2) T1 and T2 can be executed simultaneously, there is no
critical section whatsoever between them.
3) T1 and T2 will obtain Completion Queue Lock for acquire + write,
only slot acquire + write are under lock.
4) T1 and T2 completion (skb destructor)
doesn't need to be the same order as A) and B).
5) What if T1 fails after T2 acquires slots?
cached_writer will be decreased by 2, T2 will
submit failed descriptors of T1 (they shall be
retransmitted in next TX).
Submission of writer will move writer by 4 slots
2 of these slots have failed T1 values. Last two
slots of T2 will be missing, descriptor leak.

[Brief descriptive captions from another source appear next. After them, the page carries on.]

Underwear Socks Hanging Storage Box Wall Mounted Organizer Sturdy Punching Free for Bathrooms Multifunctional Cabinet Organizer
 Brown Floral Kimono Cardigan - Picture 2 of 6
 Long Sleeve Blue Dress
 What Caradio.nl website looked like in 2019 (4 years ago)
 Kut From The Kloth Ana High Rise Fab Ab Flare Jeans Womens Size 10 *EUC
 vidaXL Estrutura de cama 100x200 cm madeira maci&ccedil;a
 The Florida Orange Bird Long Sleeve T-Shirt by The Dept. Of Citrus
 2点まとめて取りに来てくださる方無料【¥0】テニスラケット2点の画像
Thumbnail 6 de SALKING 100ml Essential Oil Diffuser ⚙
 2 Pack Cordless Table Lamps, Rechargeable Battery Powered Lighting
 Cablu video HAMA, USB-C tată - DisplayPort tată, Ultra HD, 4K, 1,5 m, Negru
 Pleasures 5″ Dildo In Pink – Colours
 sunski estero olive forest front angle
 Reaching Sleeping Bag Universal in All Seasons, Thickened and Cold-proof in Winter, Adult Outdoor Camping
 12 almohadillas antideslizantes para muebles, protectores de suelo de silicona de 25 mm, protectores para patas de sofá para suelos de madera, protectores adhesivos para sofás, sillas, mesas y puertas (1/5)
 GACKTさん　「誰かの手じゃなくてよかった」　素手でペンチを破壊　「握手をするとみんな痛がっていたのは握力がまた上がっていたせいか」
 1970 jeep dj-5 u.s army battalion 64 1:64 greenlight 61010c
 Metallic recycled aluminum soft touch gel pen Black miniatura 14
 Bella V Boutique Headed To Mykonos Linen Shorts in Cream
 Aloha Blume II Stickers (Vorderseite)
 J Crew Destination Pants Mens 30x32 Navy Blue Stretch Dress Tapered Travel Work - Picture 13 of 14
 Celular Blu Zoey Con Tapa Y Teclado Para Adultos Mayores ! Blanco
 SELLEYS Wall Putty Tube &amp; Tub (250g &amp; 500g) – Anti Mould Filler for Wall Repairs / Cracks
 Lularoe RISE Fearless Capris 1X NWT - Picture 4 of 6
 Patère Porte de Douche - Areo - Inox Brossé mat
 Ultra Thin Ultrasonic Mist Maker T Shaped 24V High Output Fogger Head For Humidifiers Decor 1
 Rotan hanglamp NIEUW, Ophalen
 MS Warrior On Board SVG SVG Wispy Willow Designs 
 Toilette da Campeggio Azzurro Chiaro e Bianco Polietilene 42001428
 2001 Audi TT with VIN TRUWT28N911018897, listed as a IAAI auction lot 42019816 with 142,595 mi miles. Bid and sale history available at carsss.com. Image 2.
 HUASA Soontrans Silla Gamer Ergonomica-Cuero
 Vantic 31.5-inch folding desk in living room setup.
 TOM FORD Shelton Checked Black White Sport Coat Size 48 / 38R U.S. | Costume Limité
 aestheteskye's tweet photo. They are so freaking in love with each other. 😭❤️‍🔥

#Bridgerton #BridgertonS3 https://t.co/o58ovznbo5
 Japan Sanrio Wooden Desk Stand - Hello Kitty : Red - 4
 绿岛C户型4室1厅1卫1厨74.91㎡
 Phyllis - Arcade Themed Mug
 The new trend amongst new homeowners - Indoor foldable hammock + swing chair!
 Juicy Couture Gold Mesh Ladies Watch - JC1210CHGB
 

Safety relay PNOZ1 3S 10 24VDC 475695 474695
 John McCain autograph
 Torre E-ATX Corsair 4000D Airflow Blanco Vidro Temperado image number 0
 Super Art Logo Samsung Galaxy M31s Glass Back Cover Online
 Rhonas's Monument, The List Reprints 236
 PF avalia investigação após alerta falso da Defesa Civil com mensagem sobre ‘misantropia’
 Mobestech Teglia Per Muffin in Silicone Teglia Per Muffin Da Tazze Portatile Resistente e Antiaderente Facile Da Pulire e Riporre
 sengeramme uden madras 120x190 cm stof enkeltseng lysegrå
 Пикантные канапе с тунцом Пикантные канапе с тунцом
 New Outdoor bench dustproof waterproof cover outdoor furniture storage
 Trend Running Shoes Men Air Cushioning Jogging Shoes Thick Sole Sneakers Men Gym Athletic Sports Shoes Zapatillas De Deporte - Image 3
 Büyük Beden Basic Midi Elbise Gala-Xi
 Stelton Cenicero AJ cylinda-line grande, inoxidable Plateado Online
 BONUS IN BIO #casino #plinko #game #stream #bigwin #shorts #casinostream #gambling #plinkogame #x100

6) What if T2 completes before T1? writer will be
moved by 4 slots. 2 of them are slots filled by T1.
T2 will complete 2 own slots and 2 slots of T1, It's bad.
T1 will complete last 2 slots of T2, also bad.
This out-of-order completion can effectively cause User-space <-> Kernel-space
data race. This patch solves that, by only acquiring cached_writer first and
do the completion (sumission (write + increase writer)) after. This is the only
way to make that bulletproof for multithreaded access, failures and
out-of-order skb completions.
> This is definitely a no-go (sk_buff and skb_shared_info space is
> precious).
Okay so where should I store It? Can you give me some advice?
I left that there, because there is every information related to
skb desctruction. Additionally this is the only place in skb related
code that defines anything related to xsk: metadata, number of descriptors.
SKBUFF doesn't. I need to hold this information somewhere, and skbuff or
skb_shared_info are the only place I can store it. This need to be invariant
across all skb fragments, and be released after skb completes.